New CIS Oracle database benchmark
As you will see a simple registration is required and all three versions of the banchmark are available. You can of course get the scoring tool (available for Windows, Linux and Solaris platforms) and still run it on 11g or 9i/10g. The checks were never complete anyway as quite a lot were in the form of questions but a lot of the checks still work for the later versions of the database.
The 11g guide does not seem a massive change in terms of checks over the 9i/10g. The 9i/10g benchmark really added a lot of advanced security option checks that in my experience most sites are not using anyway (the Oracle ASO add on that is).
The 11g guides style seems better than the previous ones. The lineage / history is still strongy there though. The original benchmark (8i) was based on the book I wrote for SANS, the Oracle Security step by step guide, that is no longer available. For instance compare the SANS SCORE document with the CIS benchmark. The 11g benchmark includes a few 11g specifics such as case sensitive passwords and other 11g settings, as I said the style is better than the earlier versions, I like it.
I think that its great that there is an update to this important check list as there are not many available checklists anyway for the Oracle database. There is the SANS Step-by-step, the SANS SCORE (written by me and updated by Paul) that is essentially the checklist from the SANS step-by-step and obviously very similar to the CIS benchmark as they have the same starting points. There is the DoD STIG, some NSA document, the great, little IT Governance Institute book; there is Oracle's own checklist that gets updated from time to time but is not as detailed as the SANS SCORE or the CIS benchmark. So its great that a resource like this exists as I said there is not many check lists for Oracle databases.
I want to make two comments about checklists; they are good and bad at the same time. They are good because when we audit an Oracle database we need to have something to work to, some standards, some list of things to check. This is important, I obviously use my own checklists that are much much more detailed than any of the above lists, I check for some ten times more settings / parameters / privileges / configurations and more than these lists. My lists are internal and will stay that way, i update them probably on average on a daily basis. I have tens of thousands of lines of code implementing checks. If you want to perform an audit for yourself then you need a place to start and the lists like the CIS / SANS SCORE / SANS step-by-step are good starting points BUT (the bad bit) what we don't want to do is create the same issue as compulsive tuning disorder for security, i.e. we don't want to simply try things from a list (tip?) and see if it works, then move onto the next good thing to try. What we need is a methodology, in fact I have one, this is what I have done for years as part of my security audit service for an Oracle database. I have a methodology that allows due dilligence and repeatability but is not based on working through a set of checks. I am not going to go into great detail suffice to say that the methodology is based around understanding the data, understanding the data flow (into and out of the database), the business use of the data and then to correllate that with what is actually going on with the data and how its managed and accessed and what the privilege models are for all classes of users. Of course I also look at all the other perifery issues such as OS access. My methodology allows repeatability whilst being actually different checks for each database; well because each database is different.
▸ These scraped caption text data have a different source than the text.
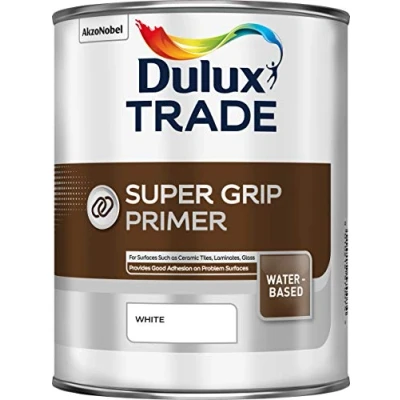 Image of Dulux Trade Super Grip Primer 1L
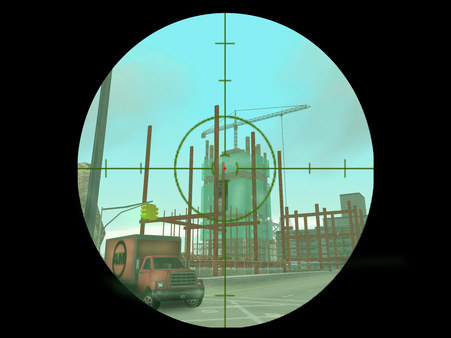 Screenshot GTA - Grand Theft Auto III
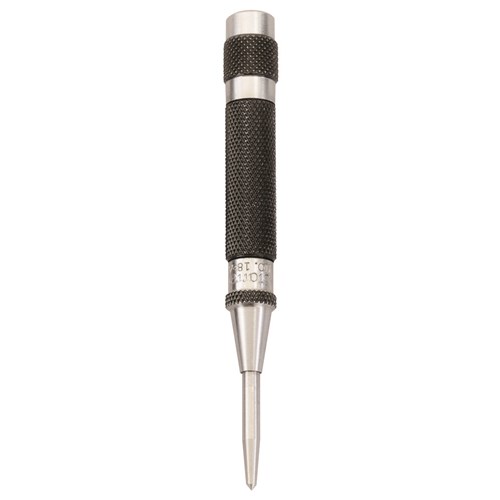 AUTOMATIC CENTER PUNCH- 4" LONG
So whilst i use checklists; in terms of having written extensive tools over the years i do not work through a checklist as such as each system has different requirements and security issues, each "check" can have a different risk level based on what else is going on. One site that has an Oracle database that serves up maps of the company car park that allows developer access but essentially has static data and can be rebuilt in minutes is different to a database that holds tens of thousands of credit card details where that data is held in many alternate locations because of replication to test and dev, because of mutiple storage places within the database, because of reporst that hold the credit cards, because of.......
Checklists are good BUT you also need context and brain power and probably experience to understand the core issues. As I have said many times to people, the issue is securing is about "securing the data" not necessarily about "securing Oracle". There is a subtle difference that matters!
I guess what i am saying is that they (checklists) are good, nay great in the case of the CIS benchmark, but dont just simply work though them, think about your own data, its use, its access needs, access paths to the data, who can access the data and why? base it on the data, base it on people, real people not just settings.